Man jailed for unlawful skating
By ALEXANDRA ZAYAS
Published January 22, 2007
TAMPA - Skateboarders see the world differently, Adam Kowzun explained. Some people see parking lots and stairs.
"We see ledges and we see gaps," the 25-year-old from Atlanta said. And consequently, police see lawbreakers.
In town for the world's biggest amateur skateboarding competition, the 13th annual Tampa Am at the Skatepark of Tampa, Kowzun wanted to see what the world's best could do on Tampa's urban landscape.
He did, and got a night in Orient Road Jail. His crime: unlawful rollerskating. His sentence: 20 hours.
After official events, Kowzun and about 40 other skaters, some with video cameras, gathered on a set of 12 steps in downtown Tampa to watch three skaters do tricks. When a Tampa police officer dispersed them, Kowzun and his friends rolled back to the Embassy Suites Hotel. They didn't think they were breaking any rules.
" 'No skating' to me means no jumping downstairs, getting hurt," Kowzun thought. But as they waited for an elevator at the hotel, the officer caught up to them. He went straight for Kowzun.
"Don't resist," the officer said as he put him in handcuffs. Kowzun, a courier for a court reporting agency, was the only boarder arrested over the weekend for unlawful skating.
Sunday morning, Kowzun said the judge and lawyers laughed when his charge was announced.
After he was released Sunday, Kowzun clutched his board outside of the skatepark and reflected with friends on the duality of the skateboarding.
It's a sport, requiring balance, coordination and drive. But because the best stunts happen in urban landscapes, as skateboarders look over their shoulders for police, there's that edge of counterculture.

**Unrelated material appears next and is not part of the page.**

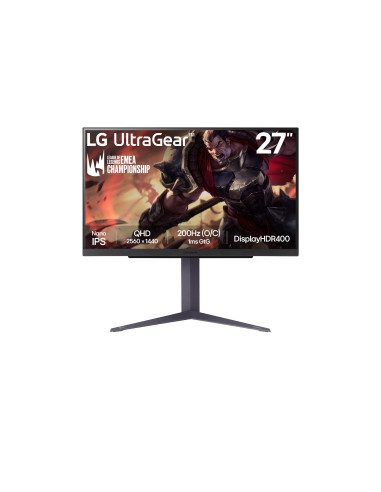 LG UltraGear/27GS85Q-B/27"/IPS/QHD/180Hz/1ms/Black/2R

"The first time I got kicked out of somewhere, I was like, 'Yeah,' " said Cole Frazier, 18. "You feel like a real skateboarder."
Frazier spent 16 hours in a Gainesville, Ga., jail for skateboarding. Kowzun's other Atlanta friend, 23-year-old Justin Massa, has gotten criminal trespassing citations in Philadelphia, Nashville and Atlanta.

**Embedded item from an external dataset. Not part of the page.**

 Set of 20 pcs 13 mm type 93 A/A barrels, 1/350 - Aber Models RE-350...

Just like the broken bones and bruises, the citations are trophies. Kowzun has his tickets framed.
"I wish they wouldn't hate us so much for skating," Frazier said. "It's just a plank of wood on wheels."

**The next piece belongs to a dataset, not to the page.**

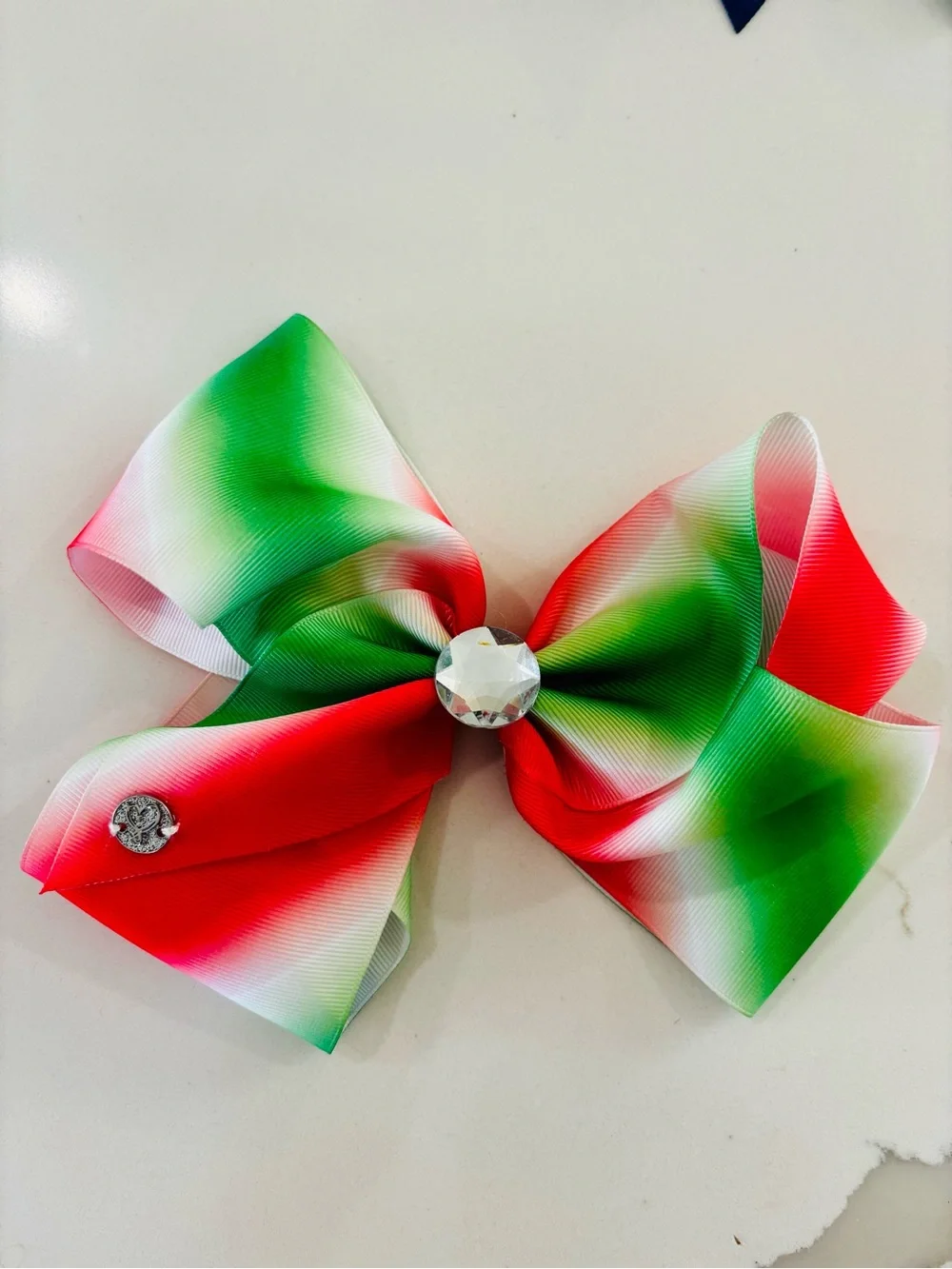 3 Large Like New Jojo Siwa Hair Bows-Pink Star, Holiday Green-Red Ombre & Navy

But to the hundreds of skaters who came to Tampa this weekend from as far away as Australia, it means so much more. It's what they wear, the music they listen to, who they look up to, who they hang out with.
They like that there is no one way to do a kickflip, no book of rules regulating style. They don't want to be confined to half-pipes at skateparks. They want to defy gravity.
Would Kowzun change things to make skating easy for future generations?
"Skateboarding is perfect just how it is," Kowzun said.